# Looking for gas money. Fish out of Destin in a nice fast 29 Donzi zf.



## AaronBarnes

Hi, 



I am looking for fishing Buddies in the Destin area to throw in on gas. 

The boat tops out at 65 mph. Is a center console fishing machine. 

I live on the water and can have the boat wet in minutes....



We can be as cheap as you like with the gas. 

Almost when ever you want. To fish for whatever. 

I have seats for six. I want no more than 6 people on the boat.



I Have good numbers.... As close as 7 miles.





Aaron


----------



## AaronBarnes

Here the boat.... 

Stepped HULL

60+ MPH

twin 225

retailed New way over 100K



I am looking for a few people @ $100 per head to go far away. (the nipple, elbow



or 



$100 total to get on some fish 



I live on the water. 

I can have the boat filled up with gas and ice the night before.


----------



## dailysaw

man thats a super deal and what a fine rig!


----------



## AaronBarnes

Thank you. 

I am not looking to make money. (real estate wise. i am always looking to make money)

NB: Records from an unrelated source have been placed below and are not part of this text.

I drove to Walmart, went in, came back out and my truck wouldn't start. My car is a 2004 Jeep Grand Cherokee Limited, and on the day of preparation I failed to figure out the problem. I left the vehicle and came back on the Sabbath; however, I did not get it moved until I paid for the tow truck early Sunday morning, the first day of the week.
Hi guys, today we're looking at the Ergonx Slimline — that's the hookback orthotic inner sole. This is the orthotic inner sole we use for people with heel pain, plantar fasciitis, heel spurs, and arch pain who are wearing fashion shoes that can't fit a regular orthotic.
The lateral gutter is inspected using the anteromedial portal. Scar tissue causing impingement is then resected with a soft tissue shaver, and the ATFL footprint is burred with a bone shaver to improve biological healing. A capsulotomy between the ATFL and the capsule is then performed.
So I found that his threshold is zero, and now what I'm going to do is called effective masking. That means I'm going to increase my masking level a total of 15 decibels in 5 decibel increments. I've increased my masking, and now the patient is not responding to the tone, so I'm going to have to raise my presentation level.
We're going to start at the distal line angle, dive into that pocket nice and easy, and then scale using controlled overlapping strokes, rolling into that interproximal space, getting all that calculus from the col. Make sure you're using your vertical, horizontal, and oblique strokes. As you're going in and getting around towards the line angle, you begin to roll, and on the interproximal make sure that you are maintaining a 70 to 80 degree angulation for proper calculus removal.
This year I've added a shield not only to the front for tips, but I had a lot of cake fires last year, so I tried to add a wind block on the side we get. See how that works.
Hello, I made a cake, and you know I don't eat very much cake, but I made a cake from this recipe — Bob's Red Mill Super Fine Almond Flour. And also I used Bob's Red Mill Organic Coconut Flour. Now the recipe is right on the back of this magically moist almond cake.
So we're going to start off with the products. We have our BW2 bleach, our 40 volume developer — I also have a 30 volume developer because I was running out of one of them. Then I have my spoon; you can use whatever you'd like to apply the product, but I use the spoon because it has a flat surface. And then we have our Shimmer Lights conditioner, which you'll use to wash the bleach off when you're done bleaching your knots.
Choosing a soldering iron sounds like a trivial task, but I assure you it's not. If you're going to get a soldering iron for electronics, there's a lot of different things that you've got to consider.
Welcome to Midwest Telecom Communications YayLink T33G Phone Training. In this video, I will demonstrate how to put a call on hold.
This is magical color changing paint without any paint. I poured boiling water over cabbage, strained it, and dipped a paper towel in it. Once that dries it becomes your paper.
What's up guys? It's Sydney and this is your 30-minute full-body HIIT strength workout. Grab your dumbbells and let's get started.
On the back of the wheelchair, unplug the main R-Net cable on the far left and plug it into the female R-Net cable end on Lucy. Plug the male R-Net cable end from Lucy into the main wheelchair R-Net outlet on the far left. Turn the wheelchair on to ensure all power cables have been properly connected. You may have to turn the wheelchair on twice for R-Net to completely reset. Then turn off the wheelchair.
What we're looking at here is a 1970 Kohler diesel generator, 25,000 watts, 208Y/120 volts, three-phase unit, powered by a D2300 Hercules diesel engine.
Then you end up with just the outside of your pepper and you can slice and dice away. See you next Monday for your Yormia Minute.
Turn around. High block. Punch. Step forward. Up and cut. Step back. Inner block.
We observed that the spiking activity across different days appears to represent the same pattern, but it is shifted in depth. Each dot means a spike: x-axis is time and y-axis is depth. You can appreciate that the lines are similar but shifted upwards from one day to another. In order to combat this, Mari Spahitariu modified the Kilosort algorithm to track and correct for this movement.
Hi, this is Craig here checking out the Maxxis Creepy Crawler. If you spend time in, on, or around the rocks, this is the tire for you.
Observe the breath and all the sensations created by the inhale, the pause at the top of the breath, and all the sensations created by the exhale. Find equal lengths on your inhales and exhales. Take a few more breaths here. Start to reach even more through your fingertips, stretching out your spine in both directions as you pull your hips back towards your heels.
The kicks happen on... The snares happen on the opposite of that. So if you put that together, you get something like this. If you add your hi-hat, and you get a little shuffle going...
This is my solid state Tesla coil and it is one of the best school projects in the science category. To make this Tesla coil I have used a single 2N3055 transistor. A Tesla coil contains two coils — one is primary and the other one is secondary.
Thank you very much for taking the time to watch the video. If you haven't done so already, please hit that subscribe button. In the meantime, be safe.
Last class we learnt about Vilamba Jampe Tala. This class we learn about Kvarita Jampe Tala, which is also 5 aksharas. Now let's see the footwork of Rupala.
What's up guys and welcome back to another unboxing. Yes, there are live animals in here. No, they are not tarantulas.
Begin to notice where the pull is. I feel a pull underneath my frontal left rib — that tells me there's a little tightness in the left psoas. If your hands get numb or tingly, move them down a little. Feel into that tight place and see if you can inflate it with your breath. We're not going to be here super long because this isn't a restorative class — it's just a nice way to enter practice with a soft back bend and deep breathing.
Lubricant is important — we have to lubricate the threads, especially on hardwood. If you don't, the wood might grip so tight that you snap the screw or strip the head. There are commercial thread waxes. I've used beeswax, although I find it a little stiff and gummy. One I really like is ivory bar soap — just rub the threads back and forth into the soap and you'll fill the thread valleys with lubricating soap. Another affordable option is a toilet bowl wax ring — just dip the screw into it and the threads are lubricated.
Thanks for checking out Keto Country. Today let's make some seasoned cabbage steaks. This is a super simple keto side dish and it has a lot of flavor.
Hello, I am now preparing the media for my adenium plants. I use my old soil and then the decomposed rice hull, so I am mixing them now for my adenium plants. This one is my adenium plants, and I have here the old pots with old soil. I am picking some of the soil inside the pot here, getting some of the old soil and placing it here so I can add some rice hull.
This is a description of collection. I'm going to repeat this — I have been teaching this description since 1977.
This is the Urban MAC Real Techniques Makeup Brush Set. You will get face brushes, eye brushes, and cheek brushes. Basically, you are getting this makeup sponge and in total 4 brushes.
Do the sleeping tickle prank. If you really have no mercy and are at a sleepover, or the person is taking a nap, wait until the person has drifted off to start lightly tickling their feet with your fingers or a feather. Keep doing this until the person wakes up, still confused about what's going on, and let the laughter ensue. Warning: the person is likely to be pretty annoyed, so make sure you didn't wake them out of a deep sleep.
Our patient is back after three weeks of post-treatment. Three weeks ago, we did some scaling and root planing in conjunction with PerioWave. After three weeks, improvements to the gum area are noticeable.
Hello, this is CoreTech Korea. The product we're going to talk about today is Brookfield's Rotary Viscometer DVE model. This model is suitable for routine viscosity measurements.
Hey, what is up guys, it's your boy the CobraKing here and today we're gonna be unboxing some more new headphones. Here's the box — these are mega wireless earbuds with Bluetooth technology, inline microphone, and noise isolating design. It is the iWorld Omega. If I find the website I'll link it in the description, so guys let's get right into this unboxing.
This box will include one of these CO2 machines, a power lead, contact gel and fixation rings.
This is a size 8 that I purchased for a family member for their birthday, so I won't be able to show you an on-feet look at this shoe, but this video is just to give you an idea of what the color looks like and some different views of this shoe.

I just really enjoy fishing.



Sunday looking like a nice day for a nice day trip. 

I am gonna call all the nice Pff fishermen who contacted me,

And I am always looking for more.



Don't know where we will go but the nipple seems HOT

let me know......

just need gas, ice, fish, food, and anything else you want to bring ;-)





Aaron


----------



## Ras24i

If still available for Sun. , I am interested. I emailed you yesterday,...tell me when and where. I'll be there, I am good for a $100 + bait, have all my own gear.

Todd Field


----------



## AaronBarnes

good news and bad news....



I sold the boat and got divorced... 

still fish... just less

have a little plastic boat(10') and motor... 



always looking for a ride... 

i'm now a single dad with 2 little kids(1+5) 

so try to give me a day or so.... 



Aaron


----------



## User6882

sorry to hear that, good luck with your boys


----------



## BuckWild

I've still got mine and am usually looking for others to fish. I still have your number and will give you a shout next time I head out!


----------



## amnbowser

I am interested in doing some fishing I got a 23 ft aquasport that I still have stroed in panama city. Let me know if anyone needs someone for a fishing partner I am down to help with gas. I can take some people out when I get my boat moved up here in the spring. Just looking to meet new people.


----------



## blanetankersley

can i get a number so i can contact you? i'll put up the money and help with the boat


----------